I'm talking about the Warren House Inn, which stands in splendid isolation amongst some of the bleakest countryside seen in Southern England. Nowadays it relies on day-trippers and tourists, and serves a delicious rabbit pie, but once upon a time it was the haunt of tinners from nearby mines.
It must've been a rough old place in those days, yet still an improvement on the inn that used to stand almost opposite, on the other side of the road. That place, known as the New House Inn, saw a man killed in a drunken fight. The landlord testifying in court that his killer was provoked beyond tolerance, the guilty party was sentenced to just three weeks in prison.
A lenient punishment these days but, given how the death penalty for theft had only just been abolished a few years before, incredibly so during the mid-19th century.
In 1845, the New House Inn burnt down and embers from its fire were carried across the road to light the fire of the pub you see now. According to legend, that fire has burnt ever since.

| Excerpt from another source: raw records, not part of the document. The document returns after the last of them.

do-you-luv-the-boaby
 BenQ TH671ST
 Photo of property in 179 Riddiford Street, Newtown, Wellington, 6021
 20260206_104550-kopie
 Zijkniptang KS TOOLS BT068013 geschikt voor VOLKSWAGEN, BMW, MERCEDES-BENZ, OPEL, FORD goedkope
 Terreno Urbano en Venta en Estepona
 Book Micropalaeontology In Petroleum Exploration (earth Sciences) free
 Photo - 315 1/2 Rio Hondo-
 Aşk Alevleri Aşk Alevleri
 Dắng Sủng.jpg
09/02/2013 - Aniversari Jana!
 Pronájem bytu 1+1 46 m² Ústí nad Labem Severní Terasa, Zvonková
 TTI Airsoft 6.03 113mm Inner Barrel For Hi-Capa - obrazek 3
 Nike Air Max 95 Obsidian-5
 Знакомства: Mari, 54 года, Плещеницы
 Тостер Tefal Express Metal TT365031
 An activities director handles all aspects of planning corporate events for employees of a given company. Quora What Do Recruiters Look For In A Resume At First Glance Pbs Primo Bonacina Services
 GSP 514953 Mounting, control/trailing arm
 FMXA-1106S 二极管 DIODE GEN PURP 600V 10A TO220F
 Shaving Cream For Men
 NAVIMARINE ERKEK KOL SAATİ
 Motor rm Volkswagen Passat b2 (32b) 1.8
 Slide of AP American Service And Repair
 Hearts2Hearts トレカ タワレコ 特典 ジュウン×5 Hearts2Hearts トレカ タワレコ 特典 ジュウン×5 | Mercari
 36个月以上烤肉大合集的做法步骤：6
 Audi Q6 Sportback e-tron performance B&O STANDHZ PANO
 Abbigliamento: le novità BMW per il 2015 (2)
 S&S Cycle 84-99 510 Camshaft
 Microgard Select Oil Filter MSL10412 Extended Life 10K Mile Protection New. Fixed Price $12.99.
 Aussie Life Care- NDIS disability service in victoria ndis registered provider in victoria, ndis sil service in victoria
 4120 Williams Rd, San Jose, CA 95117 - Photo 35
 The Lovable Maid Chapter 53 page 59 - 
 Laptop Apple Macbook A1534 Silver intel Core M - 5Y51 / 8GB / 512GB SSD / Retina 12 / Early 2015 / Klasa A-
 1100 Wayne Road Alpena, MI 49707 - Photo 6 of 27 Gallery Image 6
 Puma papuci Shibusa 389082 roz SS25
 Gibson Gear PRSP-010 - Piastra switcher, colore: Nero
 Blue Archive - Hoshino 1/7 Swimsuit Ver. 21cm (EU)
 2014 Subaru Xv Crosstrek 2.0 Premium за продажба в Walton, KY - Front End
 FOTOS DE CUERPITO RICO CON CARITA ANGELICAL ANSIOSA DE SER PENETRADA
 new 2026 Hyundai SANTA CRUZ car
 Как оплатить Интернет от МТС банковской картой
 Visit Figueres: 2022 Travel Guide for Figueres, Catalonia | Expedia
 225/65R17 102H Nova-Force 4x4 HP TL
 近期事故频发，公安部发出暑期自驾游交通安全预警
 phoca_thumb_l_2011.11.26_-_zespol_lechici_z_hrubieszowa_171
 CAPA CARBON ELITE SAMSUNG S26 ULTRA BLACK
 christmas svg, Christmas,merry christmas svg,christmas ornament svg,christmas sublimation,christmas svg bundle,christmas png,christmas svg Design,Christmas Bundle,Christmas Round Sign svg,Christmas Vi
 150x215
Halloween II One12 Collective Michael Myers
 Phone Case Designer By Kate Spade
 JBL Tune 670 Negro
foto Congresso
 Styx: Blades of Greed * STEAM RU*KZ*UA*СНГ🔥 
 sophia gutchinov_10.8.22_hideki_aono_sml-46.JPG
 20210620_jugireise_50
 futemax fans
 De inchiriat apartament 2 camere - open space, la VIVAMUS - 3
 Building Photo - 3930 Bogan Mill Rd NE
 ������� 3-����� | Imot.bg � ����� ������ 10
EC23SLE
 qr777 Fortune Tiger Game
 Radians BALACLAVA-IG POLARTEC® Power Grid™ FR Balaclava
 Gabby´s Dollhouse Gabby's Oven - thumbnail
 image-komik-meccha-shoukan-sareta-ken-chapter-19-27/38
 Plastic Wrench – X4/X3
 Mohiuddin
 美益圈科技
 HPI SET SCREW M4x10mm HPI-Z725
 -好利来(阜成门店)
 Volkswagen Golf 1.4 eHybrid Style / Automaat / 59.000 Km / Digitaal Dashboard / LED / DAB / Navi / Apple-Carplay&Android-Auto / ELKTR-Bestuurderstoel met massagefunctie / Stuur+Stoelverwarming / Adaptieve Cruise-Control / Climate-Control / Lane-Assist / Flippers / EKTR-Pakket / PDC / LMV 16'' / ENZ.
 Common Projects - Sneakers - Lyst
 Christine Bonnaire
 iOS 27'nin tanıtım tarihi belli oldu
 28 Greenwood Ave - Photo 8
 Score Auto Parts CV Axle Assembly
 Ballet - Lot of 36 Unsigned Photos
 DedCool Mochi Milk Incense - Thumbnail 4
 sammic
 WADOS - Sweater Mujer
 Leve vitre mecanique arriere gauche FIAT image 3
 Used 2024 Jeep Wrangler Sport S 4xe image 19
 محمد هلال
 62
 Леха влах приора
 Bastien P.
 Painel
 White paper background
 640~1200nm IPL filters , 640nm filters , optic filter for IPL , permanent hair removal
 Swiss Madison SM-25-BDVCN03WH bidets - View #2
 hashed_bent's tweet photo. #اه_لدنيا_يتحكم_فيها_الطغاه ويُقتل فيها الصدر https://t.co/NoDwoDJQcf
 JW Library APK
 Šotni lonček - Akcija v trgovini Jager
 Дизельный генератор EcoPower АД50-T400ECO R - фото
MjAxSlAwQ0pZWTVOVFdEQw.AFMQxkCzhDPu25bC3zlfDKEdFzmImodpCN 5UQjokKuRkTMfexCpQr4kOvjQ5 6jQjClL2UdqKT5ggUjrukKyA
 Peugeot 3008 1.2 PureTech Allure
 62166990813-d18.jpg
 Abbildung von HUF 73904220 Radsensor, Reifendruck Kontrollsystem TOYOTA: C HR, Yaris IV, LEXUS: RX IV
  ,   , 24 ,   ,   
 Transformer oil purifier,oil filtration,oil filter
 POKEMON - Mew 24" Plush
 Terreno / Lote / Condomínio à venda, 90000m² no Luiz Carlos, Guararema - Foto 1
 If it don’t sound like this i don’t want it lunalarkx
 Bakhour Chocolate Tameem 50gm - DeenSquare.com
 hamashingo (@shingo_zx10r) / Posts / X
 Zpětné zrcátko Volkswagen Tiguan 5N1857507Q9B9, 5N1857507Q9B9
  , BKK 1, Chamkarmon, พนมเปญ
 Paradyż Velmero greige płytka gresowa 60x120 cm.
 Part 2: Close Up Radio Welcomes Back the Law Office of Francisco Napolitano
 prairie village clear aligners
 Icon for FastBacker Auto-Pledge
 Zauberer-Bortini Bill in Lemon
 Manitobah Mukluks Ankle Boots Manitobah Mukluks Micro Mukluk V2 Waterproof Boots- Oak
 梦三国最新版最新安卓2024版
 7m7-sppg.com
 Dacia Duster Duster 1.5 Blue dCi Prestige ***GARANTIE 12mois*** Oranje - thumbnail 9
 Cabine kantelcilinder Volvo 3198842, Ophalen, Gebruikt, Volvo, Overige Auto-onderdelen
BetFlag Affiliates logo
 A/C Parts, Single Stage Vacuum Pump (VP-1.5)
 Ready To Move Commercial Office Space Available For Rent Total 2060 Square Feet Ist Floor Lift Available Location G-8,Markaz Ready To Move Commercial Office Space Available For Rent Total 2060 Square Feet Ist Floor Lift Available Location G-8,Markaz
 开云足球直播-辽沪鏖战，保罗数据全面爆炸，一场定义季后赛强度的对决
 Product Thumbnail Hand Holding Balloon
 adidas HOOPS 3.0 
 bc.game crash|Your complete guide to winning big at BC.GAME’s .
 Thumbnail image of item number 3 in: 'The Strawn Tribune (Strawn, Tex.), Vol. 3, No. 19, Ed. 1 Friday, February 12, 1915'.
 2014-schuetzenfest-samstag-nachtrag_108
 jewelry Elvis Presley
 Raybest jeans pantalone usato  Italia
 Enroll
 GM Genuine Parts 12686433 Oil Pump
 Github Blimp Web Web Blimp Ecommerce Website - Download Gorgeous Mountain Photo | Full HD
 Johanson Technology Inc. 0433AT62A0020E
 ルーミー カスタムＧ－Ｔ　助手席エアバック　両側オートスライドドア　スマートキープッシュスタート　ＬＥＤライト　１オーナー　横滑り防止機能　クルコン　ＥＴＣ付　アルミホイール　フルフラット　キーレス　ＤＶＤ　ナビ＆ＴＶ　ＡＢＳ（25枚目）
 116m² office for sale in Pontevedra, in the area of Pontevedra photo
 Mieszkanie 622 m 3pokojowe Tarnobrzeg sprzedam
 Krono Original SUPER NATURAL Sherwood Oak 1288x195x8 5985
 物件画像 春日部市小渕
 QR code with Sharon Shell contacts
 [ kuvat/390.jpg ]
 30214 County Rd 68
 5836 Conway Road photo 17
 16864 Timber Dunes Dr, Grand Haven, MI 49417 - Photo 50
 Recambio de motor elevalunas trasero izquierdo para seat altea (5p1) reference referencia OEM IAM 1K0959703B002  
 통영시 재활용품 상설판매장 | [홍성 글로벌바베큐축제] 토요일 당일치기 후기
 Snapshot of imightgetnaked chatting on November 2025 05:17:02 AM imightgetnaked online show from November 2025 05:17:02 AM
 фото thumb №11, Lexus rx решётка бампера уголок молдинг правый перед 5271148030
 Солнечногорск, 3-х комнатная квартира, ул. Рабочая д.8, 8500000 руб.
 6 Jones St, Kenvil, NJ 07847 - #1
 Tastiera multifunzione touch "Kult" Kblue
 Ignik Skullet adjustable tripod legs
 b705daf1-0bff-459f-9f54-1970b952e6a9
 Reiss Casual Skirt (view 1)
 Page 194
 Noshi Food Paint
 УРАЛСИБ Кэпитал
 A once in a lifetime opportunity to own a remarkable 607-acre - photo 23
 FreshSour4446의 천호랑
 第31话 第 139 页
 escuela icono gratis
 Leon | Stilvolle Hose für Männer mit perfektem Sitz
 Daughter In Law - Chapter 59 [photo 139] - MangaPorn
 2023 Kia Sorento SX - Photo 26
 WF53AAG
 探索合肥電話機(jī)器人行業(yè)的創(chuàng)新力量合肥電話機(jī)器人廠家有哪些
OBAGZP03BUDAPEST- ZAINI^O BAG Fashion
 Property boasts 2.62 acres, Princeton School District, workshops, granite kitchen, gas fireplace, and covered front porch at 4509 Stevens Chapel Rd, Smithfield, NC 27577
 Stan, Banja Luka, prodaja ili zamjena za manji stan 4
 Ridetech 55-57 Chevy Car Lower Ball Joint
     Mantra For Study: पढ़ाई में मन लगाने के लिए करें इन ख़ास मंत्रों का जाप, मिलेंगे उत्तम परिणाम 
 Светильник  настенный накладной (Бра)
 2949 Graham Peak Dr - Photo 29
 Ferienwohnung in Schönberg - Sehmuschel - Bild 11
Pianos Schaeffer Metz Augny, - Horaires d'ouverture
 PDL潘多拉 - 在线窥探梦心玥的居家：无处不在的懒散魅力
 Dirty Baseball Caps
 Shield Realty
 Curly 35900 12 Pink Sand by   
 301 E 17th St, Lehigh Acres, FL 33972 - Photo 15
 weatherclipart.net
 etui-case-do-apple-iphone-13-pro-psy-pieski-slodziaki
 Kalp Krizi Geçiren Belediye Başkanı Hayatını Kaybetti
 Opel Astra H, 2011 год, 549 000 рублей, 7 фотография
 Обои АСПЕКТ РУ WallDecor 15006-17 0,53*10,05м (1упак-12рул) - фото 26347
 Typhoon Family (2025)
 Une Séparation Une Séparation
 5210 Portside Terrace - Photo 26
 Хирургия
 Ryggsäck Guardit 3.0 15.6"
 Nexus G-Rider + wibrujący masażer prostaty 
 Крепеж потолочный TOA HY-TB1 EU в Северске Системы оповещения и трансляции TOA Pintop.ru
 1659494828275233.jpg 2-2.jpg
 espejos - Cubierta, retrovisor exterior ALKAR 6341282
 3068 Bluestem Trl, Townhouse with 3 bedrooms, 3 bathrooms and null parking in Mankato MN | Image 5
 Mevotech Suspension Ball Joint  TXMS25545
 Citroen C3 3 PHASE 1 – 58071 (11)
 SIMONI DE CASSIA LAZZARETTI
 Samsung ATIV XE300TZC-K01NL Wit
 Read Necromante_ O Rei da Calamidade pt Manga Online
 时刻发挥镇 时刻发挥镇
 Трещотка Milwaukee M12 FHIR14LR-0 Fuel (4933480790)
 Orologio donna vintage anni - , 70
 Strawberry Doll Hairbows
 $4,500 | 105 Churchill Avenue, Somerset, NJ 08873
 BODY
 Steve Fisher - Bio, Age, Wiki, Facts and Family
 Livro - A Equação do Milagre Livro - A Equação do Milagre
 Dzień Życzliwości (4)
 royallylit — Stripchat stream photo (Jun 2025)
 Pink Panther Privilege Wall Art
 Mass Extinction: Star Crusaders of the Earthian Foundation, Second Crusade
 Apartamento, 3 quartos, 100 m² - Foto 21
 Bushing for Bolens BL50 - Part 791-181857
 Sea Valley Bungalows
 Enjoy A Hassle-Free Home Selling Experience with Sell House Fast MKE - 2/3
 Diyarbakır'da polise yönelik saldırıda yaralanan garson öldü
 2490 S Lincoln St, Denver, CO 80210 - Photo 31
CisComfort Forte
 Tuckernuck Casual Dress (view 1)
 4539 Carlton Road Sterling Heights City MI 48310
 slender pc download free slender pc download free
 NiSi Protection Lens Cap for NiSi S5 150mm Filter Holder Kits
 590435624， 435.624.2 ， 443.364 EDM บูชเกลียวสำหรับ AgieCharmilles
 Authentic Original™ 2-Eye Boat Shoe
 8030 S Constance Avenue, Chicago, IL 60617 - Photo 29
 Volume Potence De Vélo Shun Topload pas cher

Until recently, it was peat from nearby blanket bogs fuelling the fire. Each night, the remains were buried in hot ashes, which were then uncovered the following morning and stoked back to life with a little kindling and charcoal. Nowadays, the same is said to be done, only with wood from local conifer plantations.
So, the fire has been burning continuously since 1845? Quite a claim and of course utter nonsense!!
For as a local builder said to me, when we spoke at the bar of the Royal Standard, he was pleased the fire wasn't burning during the days he spent repointing its chimney!!
There is another story about the Warren House Inn and it involves a ghost. A friend from Twitter told me that it's haunted by the spirit of a landlord who killed himself during the early twentieth century. I didn't sense anything unusual when visiting last Saturday. Quite the opposite, for the welcome was just warm as the legendary fire. Anyway, I did a little research and found the following tale.
Stephens is a common name locally, and one William Stephens was landlord during the 1920's. At the end of the decade, he took his shotgun into the bar and used it on himself. A verdict of 'suicide during temporary insanity' was returned by the coroner.
But while William's wife Mary moved away shortly afterwards, the tragic landlord has never left the Warren House Inn. Instead, it's claimed his ghost is sometimes seen even now in the bar where he ended his life!